- **Work to complete**: Your copy should begin at the line containing "564 Sweet Birch" and end at the last line of the records below, matching each line exactly and leaving out pictures.

__________

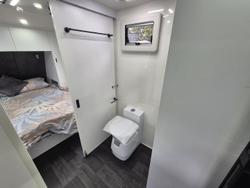 2024 Urban Caravans 22'6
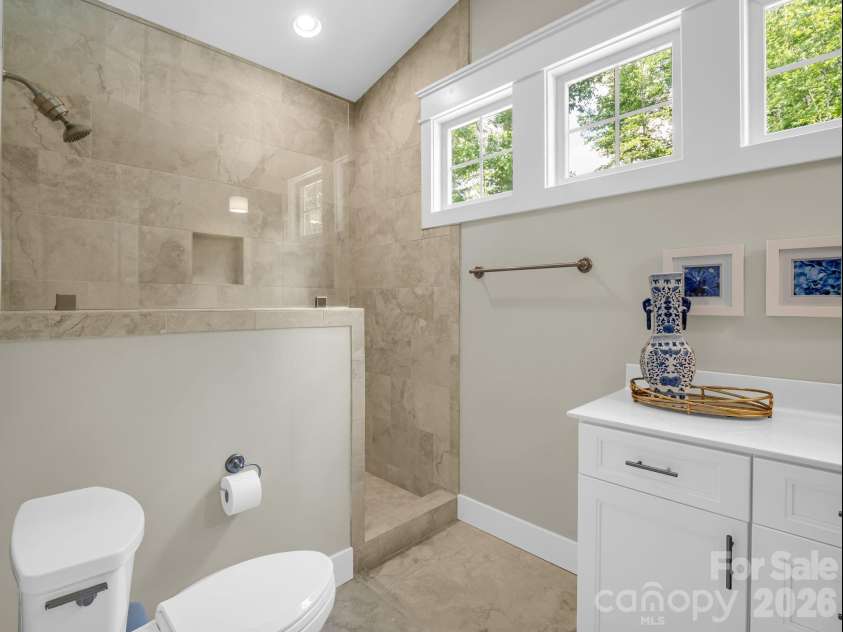 564 Sweet Birch Park Lane, Black Mountain, NC 28711.  MLS# CAR4380422, YatesRealty ID 26283. 
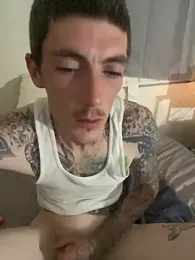 dkub93 — Stripchat stream photo (Apr 2026)
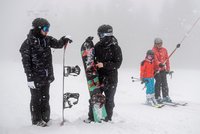 V Česku začala lyžařská sezona, přírodního sněhu je pomálu. Špindl se přidá v pátek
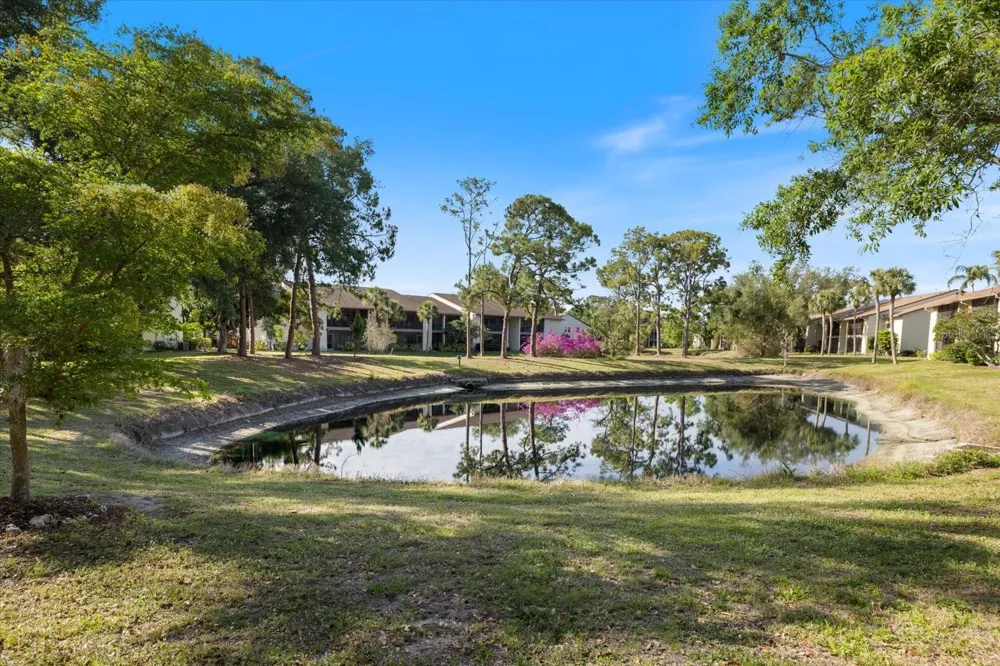 772 BIRD BAY DRIVE #104 Venice, FL 34285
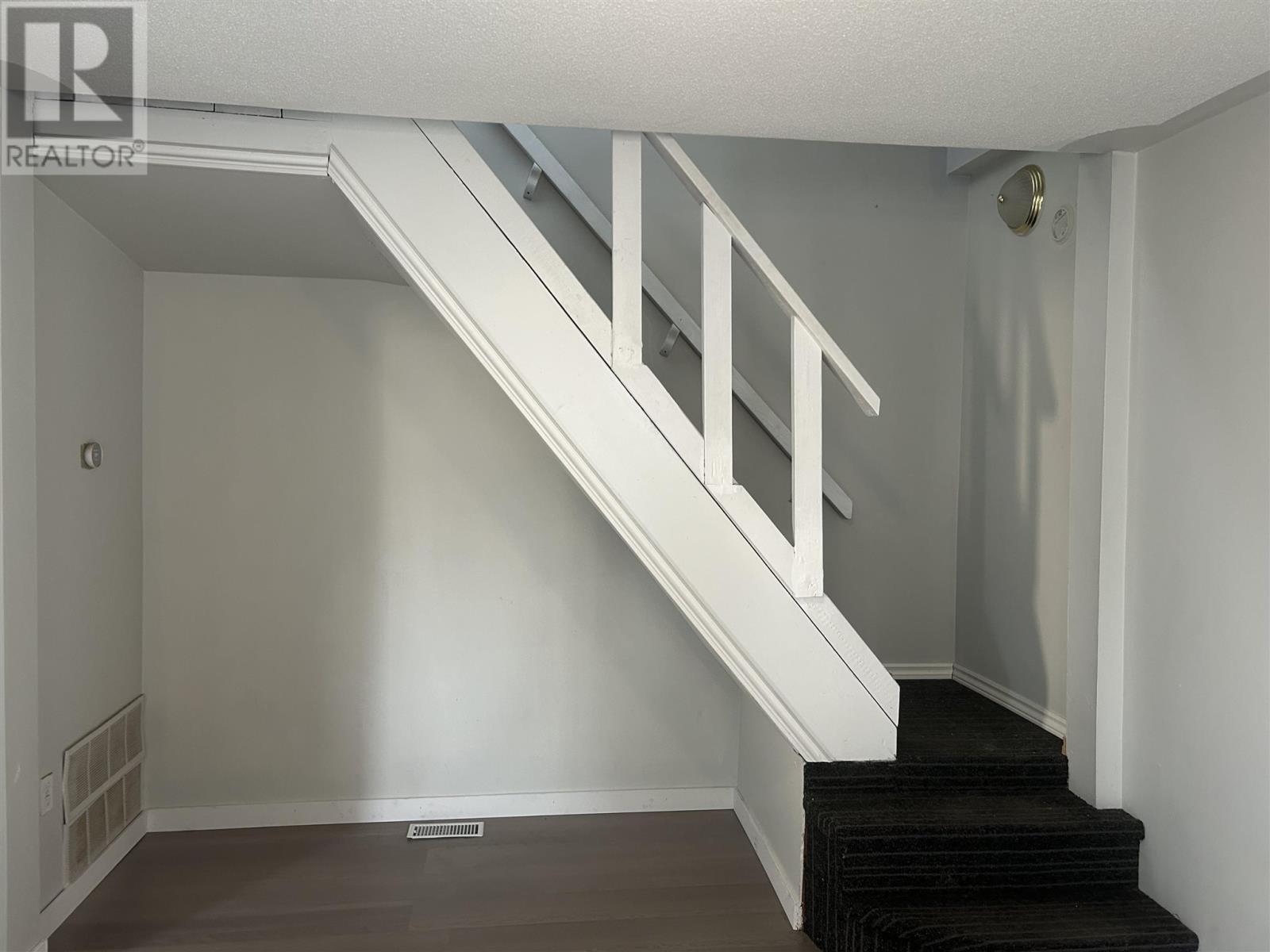 Photo 15 of 84 Letcher St, Sault Ste Marie ON
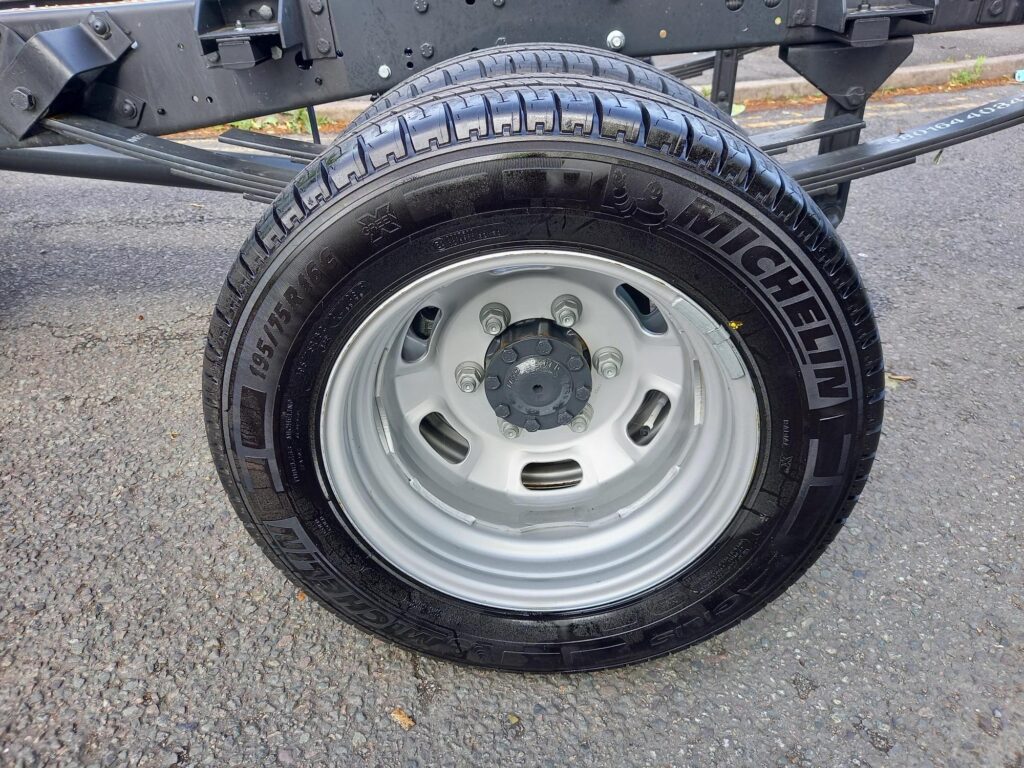Iveco Daily 35C14 Business Chassis Cab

__________

- **Final answer**:
 564 Sweet Birch Park Lane, Black Mountain, NC 28711.  MLS# CAR4380422, YatesRealty ID 26283. 
 dkub93 — Stripchat stream photo (Apr 2026)
 V Česku začala lyžařská sezona, přírodního sněhu je pomálu. Špindl se přidá v pátek
 772 BIRD BAY DRIVE #104 Venice, FL 34285
 Photo 15 of 84 Letcher St, Sault Ste Marie ON
Iveco Daily 35C14 Business Chassis Cab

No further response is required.